-------- Data section

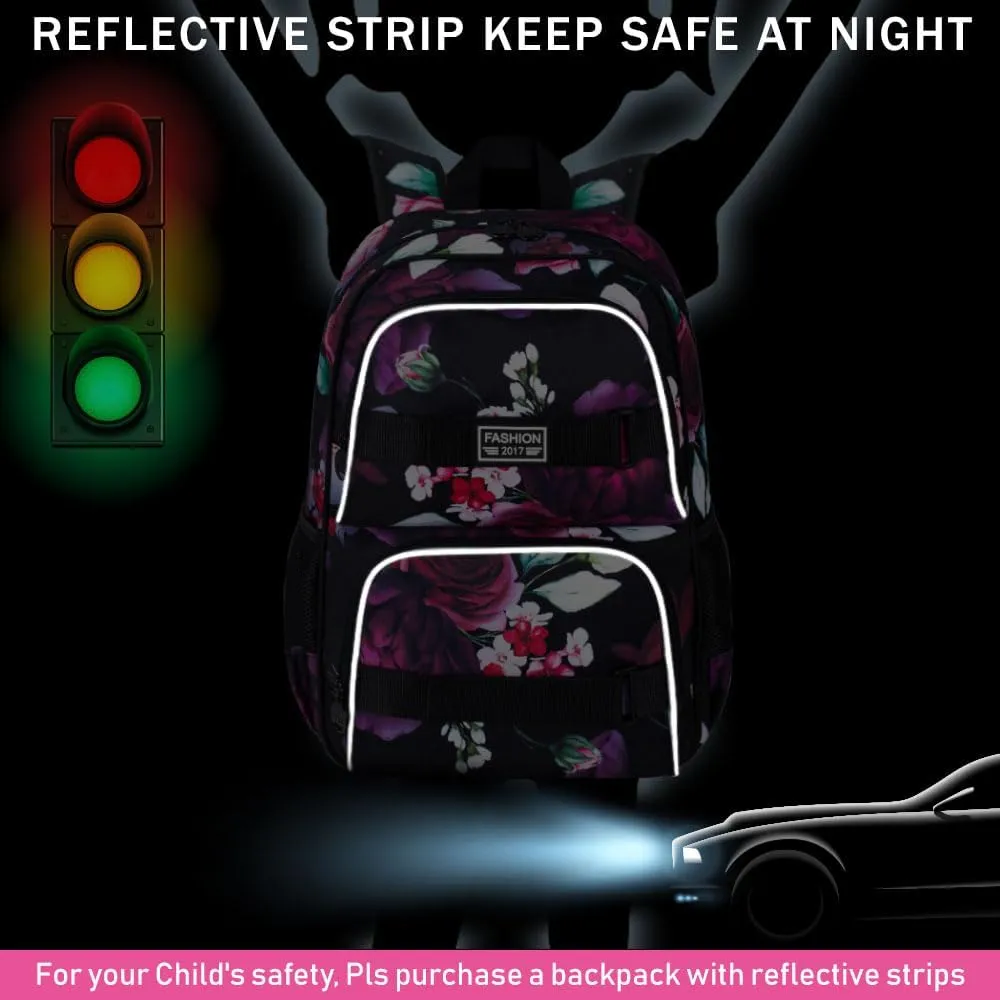 17 Inches Backpack for Girls Women, 3Pcs Rose Laptop Backpacks with Lunch Bag, Water Resistant College School Bookbag Set for Teens Students(Black)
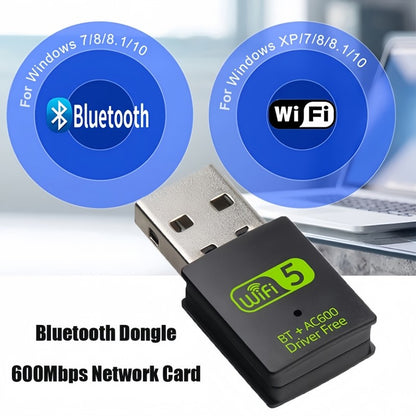 600Mbps USB 3.0 Wireless WiFi Receiver Bluetooth Adapter 5GHz Dual Band Dongle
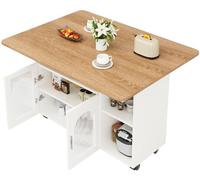 Carrito de cocina móvil con encimera de madera y estructura metálica, ideal como una isla de cocina portátil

----------------

What is needed: All lines from the line with "600Mbps USB 3.0" through the final line of the data, both included, are to be repeated exactly; no other lines and no pictures.

Exercise output:
 600Mbps USB 3.0 Wireless WiFi Receiver Bluetooth Adapter 5GHz Dual Band Dongle
 Carrito de cocina móvil con encimera de madera y estructura metálica, ideal como una isla de cocina portátil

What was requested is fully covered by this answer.